Day 46 Save a Tree, Use a Handkerchief!

Hankies Aren’t Just for Banditos

I remember my grandpa used to carry one of these cottony rags in his pocket to take care of a drippy nose. He also used a handkerchief as a napkin, cleaning up the gravy and ketchup from around his mouth after downing a big plate of french fries. I don’t think environmentalism was part of his vocabulary, as the hankie was more a necessary day-to-day accessory.

handkerchief to catch boogers
These guys spent so much time together, they started wearing hankies just to keep any viruses to themselves. It was only public engagements where these fashion pieces made it to their pockets

Well, like most practical clothing items, this reusable tissue seems to have gone out of fashion. People everywhere figure it’s fine to munch up a few more trees to create few boxes of aloe-infused tissues to sneeze their boogers into. This really does sound like the epitome of a disposable culture. Shame on all of us!

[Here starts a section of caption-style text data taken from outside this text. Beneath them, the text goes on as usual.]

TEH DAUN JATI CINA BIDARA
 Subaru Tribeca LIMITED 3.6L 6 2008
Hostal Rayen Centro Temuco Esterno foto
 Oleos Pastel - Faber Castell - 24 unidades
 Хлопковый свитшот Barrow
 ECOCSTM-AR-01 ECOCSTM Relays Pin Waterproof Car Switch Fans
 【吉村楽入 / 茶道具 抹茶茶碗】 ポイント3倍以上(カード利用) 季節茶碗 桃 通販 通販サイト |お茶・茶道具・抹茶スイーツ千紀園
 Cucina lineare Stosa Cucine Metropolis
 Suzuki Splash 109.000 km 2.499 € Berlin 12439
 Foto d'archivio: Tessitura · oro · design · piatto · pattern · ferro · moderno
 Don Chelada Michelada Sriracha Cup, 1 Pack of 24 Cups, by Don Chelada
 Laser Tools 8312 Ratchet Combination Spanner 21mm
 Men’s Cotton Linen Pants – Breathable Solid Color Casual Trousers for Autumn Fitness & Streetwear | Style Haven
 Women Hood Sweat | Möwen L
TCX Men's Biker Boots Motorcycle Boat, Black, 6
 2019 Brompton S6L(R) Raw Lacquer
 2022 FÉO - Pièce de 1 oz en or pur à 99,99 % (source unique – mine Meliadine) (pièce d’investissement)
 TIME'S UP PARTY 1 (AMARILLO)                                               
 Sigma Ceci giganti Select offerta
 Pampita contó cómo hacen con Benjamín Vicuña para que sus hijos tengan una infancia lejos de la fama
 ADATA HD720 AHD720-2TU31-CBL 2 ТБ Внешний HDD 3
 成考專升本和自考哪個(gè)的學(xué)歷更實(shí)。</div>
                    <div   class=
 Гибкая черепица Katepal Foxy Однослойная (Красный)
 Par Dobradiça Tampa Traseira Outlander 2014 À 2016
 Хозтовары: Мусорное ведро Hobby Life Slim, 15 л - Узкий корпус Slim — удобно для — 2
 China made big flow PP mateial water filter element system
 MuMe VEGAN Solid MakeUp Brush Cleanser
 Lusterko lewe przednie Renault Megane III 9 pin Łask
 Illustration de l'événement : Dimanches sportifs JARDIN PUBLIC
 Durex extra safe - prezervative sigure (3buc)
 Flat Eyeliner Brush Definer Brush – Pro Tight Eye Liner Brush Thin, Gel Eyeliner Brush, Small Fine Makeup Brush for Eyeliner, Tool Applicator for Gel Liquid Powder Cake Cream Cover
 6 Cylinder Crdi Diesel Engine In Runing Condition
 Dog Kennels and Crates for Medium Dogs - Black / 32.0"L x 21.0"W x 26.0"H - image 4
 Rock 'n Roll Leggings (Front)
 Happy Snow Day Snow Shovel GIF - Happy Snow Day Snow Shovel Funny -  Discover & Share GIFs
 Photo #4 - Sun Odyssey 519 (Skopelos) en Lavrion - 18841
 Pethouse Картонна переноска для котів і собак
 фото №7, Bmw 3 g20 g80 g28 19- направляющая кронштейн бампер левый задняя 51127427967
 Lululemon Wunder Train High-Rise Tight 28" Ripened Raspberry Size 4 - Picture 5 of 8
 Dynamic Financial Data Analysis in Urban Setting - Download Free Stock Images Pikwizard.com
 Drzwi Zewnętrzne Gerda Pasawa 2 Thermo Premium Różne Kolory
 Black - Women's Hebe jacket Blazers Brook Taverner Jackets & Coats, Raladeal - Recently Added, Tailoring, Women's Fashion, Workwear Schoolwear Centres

Nowadays, we only see the classic handkerchief on cowboy bandits, or covering up Axl Rose’s fat forehead. I think those Asian ladies wearing the surgical masks could switch things up a little and drape a little cloth triangle across their face instead. The air of mystery would make that bus ride all that much more interesting…especially when you see them get off and enter the nearest bank.

So why not bring back the hankie to save a tree or two? When that post-nasal drip has you sniffling incessantly…having a fashionable square of fabric that isn’t your sleeve can be quite handy.

Just peel back the wad of fabric and find a non-crusty bit to fit around your mucous-filled nostrils, and blow. If I meet you on the street, I won’t be scared to shake your hand.